WORK ITEM: Starting from the first line below, count every line holding the word "inside", then state the total alone.
[Start of section]
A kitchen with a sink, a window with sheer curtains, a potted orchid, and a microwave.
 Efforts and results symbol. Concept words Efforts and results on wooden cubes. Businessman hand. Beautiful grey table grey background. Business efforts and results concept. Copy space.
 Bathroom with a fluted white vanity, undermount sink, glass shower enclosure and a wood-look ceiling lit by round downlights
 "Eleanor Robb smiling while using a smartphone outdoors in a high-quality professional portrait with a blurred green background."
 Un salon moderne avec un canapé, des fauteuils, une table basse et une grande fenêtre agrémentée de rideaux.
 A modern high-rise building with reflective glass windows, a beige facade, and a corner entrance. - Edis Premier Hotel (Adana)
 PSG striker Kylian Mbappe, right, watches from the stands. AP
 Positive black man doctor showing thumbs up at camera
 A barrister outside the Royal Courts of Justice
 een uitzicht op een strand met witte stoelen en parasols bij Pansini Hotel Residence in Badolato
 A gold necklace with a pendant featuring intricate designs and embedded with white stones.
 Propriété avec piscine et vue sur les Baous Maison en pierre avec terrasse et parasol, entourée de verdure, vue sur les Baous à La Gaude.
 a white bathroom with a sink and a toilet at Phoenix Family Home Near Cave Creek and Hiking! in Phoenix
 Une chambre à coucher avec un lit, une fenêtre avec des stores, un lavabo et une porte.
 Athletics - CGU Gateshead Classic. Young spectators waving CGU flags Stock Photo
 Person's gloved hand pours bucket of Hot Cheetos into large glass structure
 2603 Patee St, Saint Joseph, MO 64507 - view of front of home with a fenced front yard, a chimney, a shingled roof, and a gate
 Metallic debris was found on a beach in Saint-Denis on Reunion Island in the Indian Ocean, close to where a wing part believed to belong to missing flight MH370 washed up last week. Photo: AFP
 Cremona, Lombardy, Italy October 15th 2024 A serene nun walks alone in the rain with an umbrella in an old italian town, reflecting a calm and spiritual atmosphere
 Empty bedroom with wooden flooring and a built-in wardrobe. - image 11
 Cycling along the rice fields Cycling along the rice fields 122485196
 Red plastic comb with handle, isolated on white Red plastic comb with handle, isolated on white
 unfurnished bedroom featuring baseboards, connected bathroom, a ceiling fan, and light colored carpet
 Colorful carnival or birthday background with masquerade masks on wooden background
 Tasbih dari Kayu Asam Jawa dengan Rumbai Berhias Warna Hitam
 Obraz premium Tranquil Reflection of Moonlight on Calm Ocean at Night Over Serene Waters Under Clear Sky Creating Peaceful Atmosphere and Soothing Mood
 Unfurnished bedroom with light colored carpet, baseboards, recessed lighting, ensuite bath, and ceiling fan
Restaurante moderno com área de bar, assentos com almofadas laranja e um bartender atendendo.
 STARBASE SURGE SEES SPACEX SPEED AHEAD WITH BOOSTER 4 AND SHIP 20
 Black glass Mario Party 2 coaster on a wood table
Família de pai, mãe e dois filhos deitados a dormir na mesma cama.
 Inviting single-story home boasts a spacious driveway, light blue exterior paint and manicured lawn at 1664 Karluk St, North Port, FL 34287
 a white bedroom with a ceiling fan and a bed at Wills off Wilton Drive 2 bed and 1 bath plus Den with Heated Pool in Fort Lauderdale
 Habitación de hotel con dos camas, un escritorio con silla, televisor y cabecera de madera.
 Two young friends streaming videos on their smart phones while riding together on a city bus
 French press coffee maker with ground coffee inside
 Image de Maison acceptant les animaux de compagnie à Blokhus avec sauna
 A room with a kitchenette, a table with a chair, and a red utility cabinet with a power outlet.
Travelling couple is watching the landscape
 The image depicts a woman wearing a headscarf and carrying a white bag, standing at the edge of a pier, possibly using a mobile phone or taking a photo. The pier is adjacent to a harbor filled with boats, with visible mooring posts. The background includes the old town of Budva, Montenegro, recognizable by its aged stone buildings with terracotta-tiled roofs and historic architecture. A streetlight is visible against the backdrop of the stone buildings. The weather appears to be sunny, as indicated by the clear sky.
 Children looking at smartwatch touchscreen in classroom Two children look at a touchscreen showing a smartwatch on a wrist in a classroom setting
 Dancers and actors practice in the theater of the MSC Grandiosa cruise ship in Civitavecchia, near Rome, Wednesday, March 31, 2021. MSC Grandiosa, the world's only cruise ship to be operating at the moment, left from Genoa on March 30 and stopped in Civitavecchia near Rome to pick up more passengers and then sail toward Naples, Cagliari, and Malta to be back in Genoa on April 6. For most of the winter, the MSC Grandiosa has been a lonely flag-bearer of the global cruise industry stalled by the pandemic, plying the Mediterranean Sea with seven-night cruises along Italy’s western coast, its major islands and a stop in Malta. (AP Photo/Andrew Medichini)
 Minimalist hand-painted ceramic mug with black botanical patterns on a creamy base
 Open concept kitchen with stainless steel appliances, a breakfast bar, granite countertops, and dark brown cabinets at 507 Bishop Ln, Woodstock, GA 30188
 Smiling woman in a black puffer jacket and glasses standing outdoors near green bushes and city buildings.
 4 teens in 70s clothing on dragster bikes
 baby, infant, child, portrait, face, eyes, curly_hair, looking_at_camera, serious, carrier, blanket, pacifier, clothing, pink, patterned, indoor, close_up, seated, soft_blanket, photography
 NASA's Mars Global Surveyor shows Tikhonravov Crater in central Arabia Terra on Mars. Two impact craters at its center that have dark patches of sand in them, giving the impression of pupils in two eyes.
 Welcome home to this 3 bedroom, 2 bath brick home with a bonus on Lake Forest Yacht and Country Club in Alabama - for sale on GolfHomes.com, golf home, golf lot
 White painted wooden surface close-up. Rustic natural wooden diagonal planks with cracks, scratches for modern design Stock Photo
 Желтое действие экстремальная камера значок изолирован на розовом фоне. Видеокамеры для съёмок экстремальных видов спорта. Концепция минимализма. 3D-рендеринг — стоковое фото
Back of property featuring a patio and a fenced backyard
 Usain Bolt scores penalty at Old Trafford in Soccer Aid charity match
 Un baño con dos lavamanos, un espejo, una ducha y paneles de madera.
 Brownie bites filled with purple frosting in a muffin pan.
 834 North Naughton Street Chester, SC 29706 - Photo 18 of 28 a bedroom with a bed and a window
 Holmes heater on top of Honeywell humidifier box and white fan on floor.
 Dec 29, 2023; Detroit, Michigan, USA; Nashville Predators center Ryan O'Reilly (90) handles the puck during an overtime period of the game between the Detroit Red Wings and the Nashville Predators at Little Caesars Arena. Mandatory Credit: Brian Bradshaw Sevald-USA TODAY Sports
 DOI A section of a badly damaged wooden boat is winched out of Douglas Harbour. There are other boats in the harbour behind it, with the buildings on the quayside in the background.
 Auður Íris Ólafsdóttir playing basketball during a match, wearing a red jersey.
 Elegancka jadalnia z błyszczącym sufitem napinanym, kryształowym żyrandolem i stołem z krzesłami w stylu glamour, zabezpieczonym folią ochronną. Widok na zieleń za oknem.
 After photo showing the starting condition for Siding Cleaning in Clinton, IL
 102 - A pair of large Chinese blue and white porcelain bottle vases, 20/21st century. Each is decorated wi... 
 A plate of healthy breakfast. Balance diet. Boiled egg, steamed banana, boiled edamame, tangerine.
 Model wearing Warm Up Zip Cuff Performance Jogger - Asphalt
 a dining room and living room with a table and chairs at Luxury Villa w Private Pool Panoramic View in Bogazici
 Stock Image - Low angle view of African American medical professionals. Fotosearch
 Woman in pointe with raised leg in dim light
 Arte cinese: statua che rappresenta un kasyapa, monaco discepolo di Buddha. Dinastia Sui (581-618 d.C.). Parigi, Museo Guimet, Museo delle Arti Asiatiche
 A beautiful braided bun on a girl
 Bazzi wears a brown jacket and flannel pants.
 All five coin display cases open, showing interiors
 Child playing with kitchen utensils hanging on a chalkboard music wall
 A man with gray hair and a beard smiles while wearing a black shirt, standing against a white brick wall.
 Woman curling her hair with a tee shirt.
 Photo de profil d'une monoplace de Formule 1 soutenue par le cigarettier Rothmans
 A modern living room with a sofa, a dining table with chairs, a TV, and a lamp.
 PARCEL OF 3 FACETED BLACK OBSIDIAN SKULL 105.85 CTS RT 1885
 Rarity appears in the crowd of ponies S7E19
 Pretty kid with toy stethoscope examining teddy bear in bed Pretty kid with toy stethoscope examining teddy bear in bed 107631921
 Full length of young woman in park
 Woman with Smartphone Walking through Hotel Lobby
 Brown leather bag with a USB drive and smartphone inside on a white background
[End of section]
TASK SOLUTION: 2